“AS MARCAS DA TORTURA SOU EU. ELAS FAZEM PARTE DE MIM”
Se o interrogatório é de longa duração, com interrogador “experiente”, ele bota no pau-de-arara por alguns momentos e depois leva para o choque, uma dor que não deixa rastro, só te mina. Minha arcada [dentária] girou para o lado, me causando problemas até hoje, problemas no osso do suporte do dente. Me deram um soco e o dente se deslocou e apodreceu
Por Dilma Rousseff
Talvez uma das coisas mais difíceis de você ser no interrogatório é inocente. Você não sabe nem do que se trata (…). Não se distinguia se era dia ou era noite. O interrogatório começava. Geralmente, o básico era o choque. Muitas vezes, também usava palmatória, usava em mim muita palmatória.
Em São Paulo usaram pouco esse método. No fim, quando estava para ir embora, começou uma rotina. No início não tinha hora. Era de dia e de noite. Emagreci muito, pois não me alimentava direito (…). Quando eu tinha hemorragia, na primeira vez foi na Oban (…) foi uma hemorragia (…) de útero. Me deram uma injeção e disseram para não bater naquele dia.
Em Minas, quando comecei a ter hemorragia, chamaram alguém que me deu comprimido e depois injeção. Mas me davam choque elétrico e depois paravam. (…) O estresse é feroz, inimaginável. Descobri, pela primeira vez, que estava sozinha. Encarei a morte e a solidão. Lembro-me do medo quando a minha pele tremeu. Tem um lado que marca a gente pelo resto da vida.
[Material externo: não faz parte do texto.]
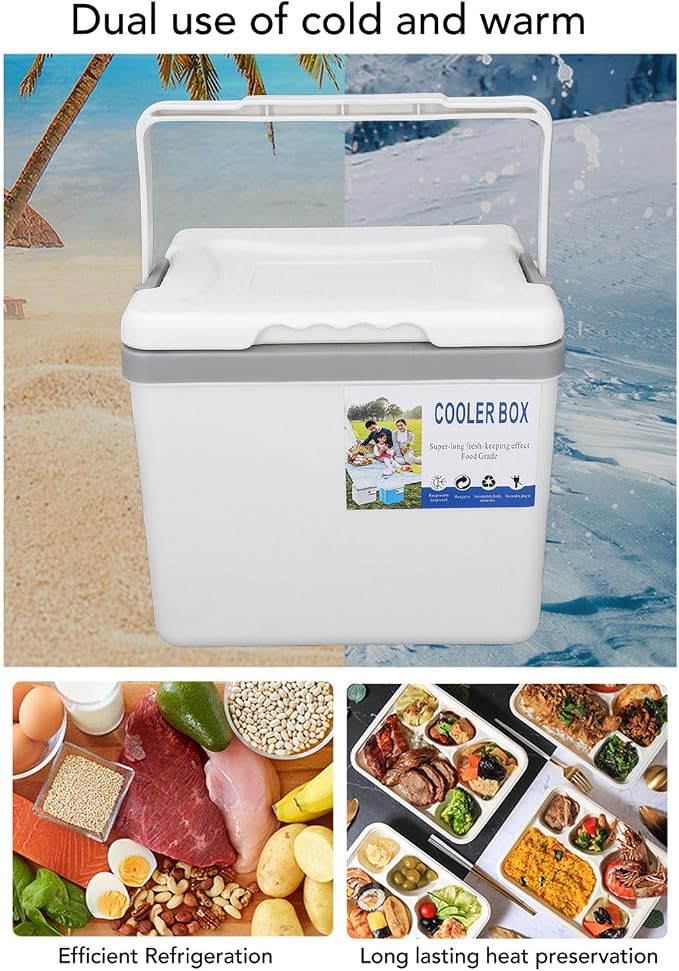 6L Cooler Box, Portable Insulated Hard Cooler, Keeps Food and Drinks Cold for Outdoor Camping Picnic Fishing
(…) Acho que nenhum de nós consegue explicar a sequela: a gente sempre vai ser diferente. No caso específico da época, acho que ajudou o fato de sermos mais novos; agora, ser mais novo tem uma desvantagem: o impacto é muito grande (…). Mesmo que a gente consiga suportar a vida melhor quando se é jovem, fisicamente, a médio prazo, o efeito é maior na gente por sermos mais jovens. Quando se tem 20 anos o impacto é mais profundo; no entanto, é mais fácil de aguentar no imediato.

Dilma Rousseff – Economista. Ex-presidenta do Brasil, Presidenta do Banco Brics. Relatos de violências e torturas sofridas em cárceres de detenção e tortura do regime militar. Compilados por Zezé Weiss, para a Revista Extratos, edição especial, Sindicato dos Bancários de Brasília, dezembro de 2024.